To explain a little bit about my condition (Long QT Syndrome), I basically have an electrical fault that means that my heart doesn't beat correctly sometimes. Apparently the slower my heart rate, the longer the Q-T interval (you know how when you see a heart rate monitor on TV there's a big spike and then a little spike? Well the interval between the big and little spikes is called the Q-T interval (Q and T are the names of different components of the spikes)), the more likely it is that my heart will play up, which initially begins with atrial fibrillation (the atrium - the first bit that beats - spazzing out, which is an invconvenient but non-fatal condition), but in my case, can continue through to the ventricle and cause the ventricle to fibrillate (twitch/flutter, i.e. not pump blood properly) which can become a fatal arrhythmia if it doesn't correct itself. Yep, those 25 years I was untreated I was pretty bloody lucky not to be laid out on a slab!
Anyway, Zappy Mk1 has a single lead into the ventricle, to allow him to defibrillate my heart, should the ventricle "beat" at a rate in excess of about 210bpm. Your average person may think that a little risky, but considering the dose of beta-blockers I am on, I would be hard pressed to raise my heartrate that high through exercise, so it safe to assume that if my heart is beating that fast, that it's not beating at all - it's twitching.
|Source - Yale Medical Group|
Oh, and there's another difference - my boobs are bigger. Slightly.

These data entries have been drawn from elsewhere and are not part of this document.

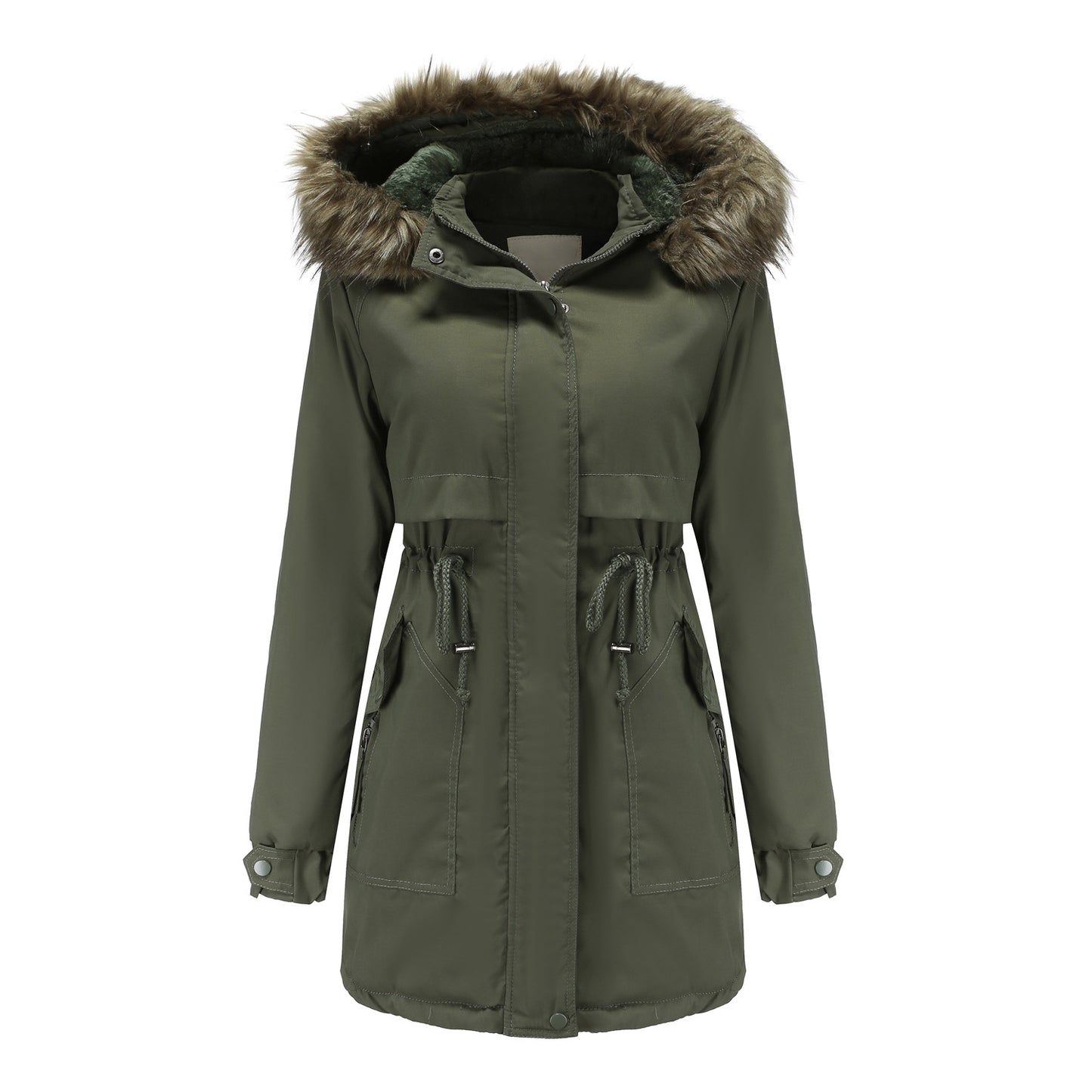 Detachable Fur Collar Quilted Coat Parkas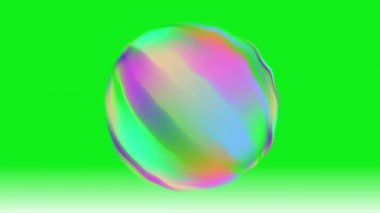 Gökkuşağı renkli dönen küre sabun köpüğü hareket grafikleri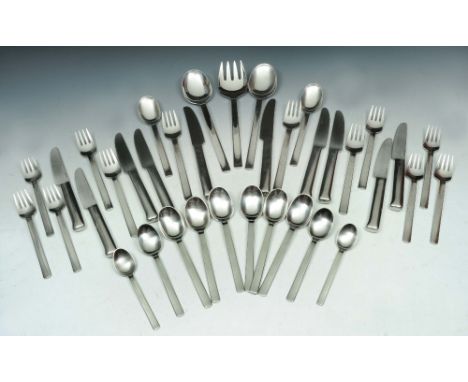 A MATCHED SET OF STAINLESS STEEL 'BO BONFILS' FLATWARE by Georg Jensen, comprising two serving spoons, a serving fork, two la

Zappy Mk2 will also have a lead in the atrium, so that he can pace the atrium whenever it drops below 70 or so beats per minute (which for me is all the time - my resting heartrate is rarely above about 50bpm, and my overnight heart rate has been known to drop to 28bpm, which, as anyone who knows how little I resemble an Olympic athlete would realise, is a little odd), and therefore hopefully prevent my Q-T interval from being so long, and therefore prevent the majority of the ectopic beats and therefore have a lower risk of a cardiac event. That means that, even though there will be a lead in the vetricle in case things get that bad, the chance of things getting bad enough for a zap to be delivered will be much lower.
But I've been feeling really ordinary for the last couple of weeks, and feeling quite wonky for no reason, and being tired all the time, and being scared all the time, and continually reaching to feel my pulse when I don't feel quite right (because that's TOTALLY going to prevent me from ending up unconscious on the floor...), and panting when I walk a block on flat ground to the supermarket, and I hate that, too. Hate it hate it hate it.
So I guess, when I weigh that up with the surgery, and add the fact I will quite likely be fed jelly and icecream, I guess it makes it worthwhile. Jelly's good like that.